A flower in the lava field.

Then on to Sunset Crater National monument. The volcano erupted about 1064 AD. It buried some native dwellings. They had time to remove the framing timbers before their homes were buried in black ash. There are about 600 such cinder cones in a 2,000 square mile area bordering the vast Painted Desert to the east. This crater has red minerals in the ash around the summit, which explains the name.

A shot from Wupatki to the South. The San Francisco mountains still have snow, are about 12,000 feet. They're just North of Flagstaff, a wonderfully cool place in the summer.

The new black lava is a frequently encountered feature of Arizona and New Mexico. We see a few small flowers and shrubs and the giant Ponderosa Pines that manage to eke out a living in the high (8,000 feet), arid climate and poor volcanic ash.

Bushes growing in the desert near a Wupatki ruin.
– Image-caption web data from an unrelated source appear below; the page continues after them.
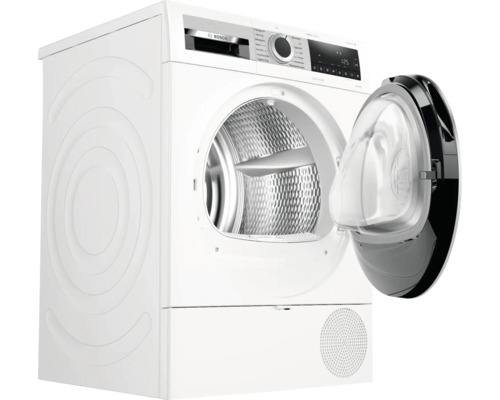 Sèche-linge blanc avec porte ouverte, vue intérieure du tambour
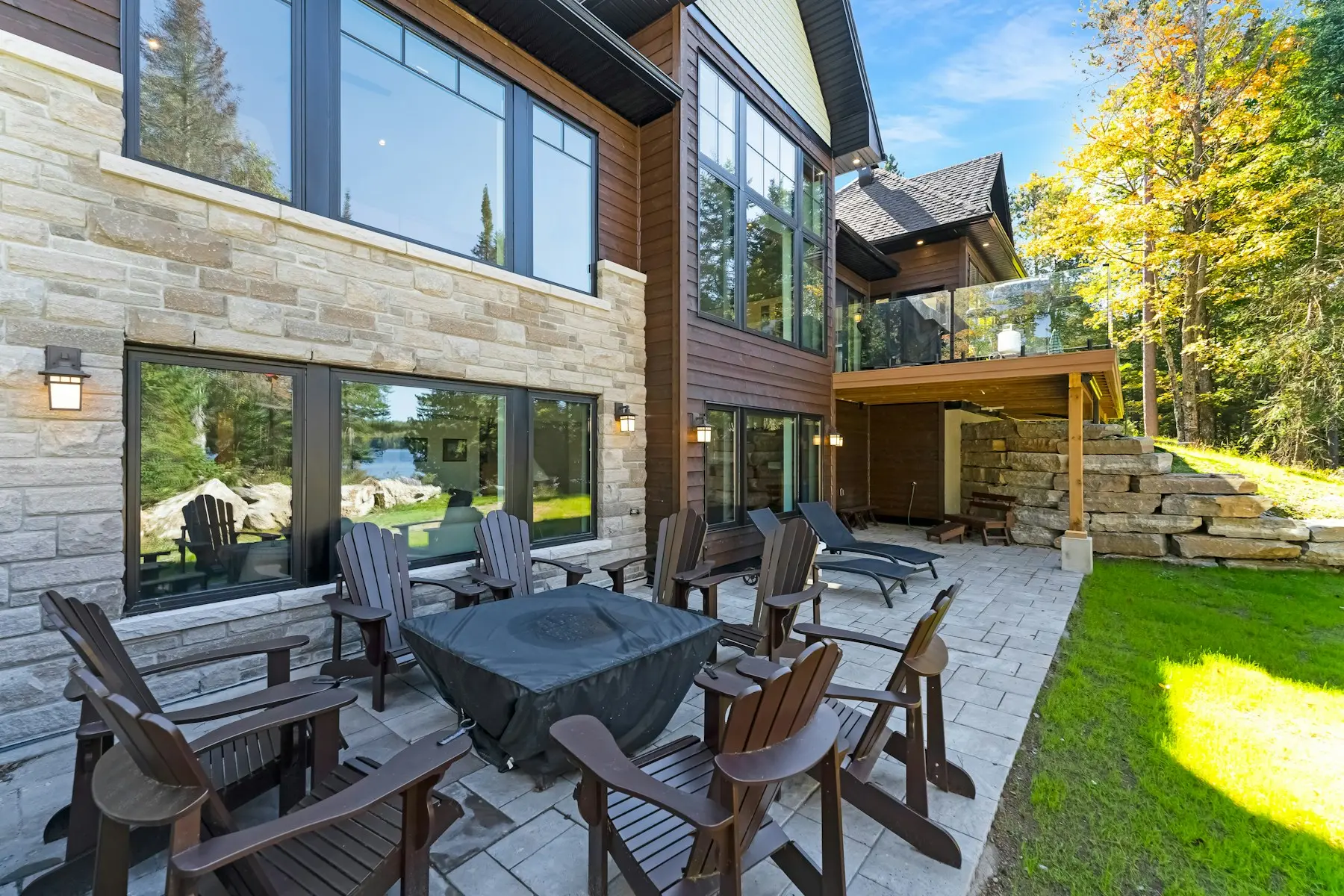 Natural stone patio with outdoor dining furniture
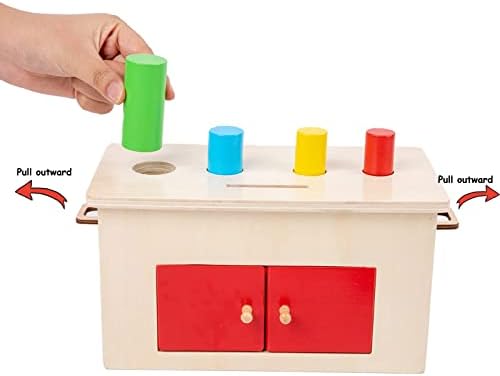 Adena Montessori 4-in-1 Play Kit for Infants & Toddlers - 6-12 Months to 3 Years - Includes Coin Box, Cylinder, Carrot Drop Box & Blind Touch Perception Box - Image 3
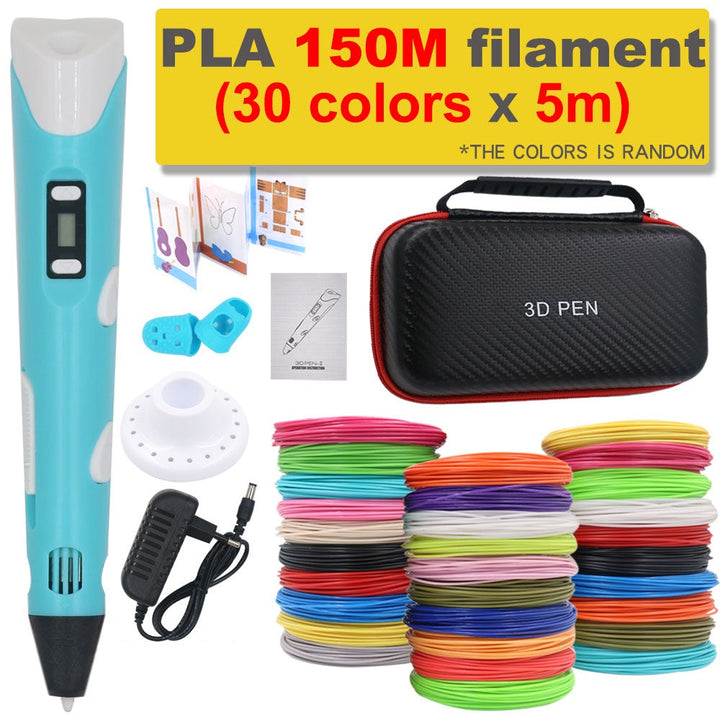 Complete 3D printpen set voor kinderen, met diverse kleuren PLA filament voor eindeloze DIY creaties.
We continue on the 36 mile Loop, and, after passing an overlook of the Painted Desert, come to the Wupatki National Monument. It's a collection of stone Indian (exuse me...Native American) dwellings. One set upon a red sandstone outcropping was three stories. They believe it housed several families. I always get a funny feeling when we visit these and think of happy people turned to dust by time. Maybe someday in the future, tourists will look at my RV and speculate about my life?

Tonight we're having dinner in Black Bart's restaurant. It was recommended by a friend. Tomorrow we visit the Arizona Meteor Crater and the Park in Winslow dedicated to the Eagle's song....It's a girl, my lord, in a flatbed Ford...slowing down to lake a look at me....

This is Sunset Crater. Notice the red tinge on the summit.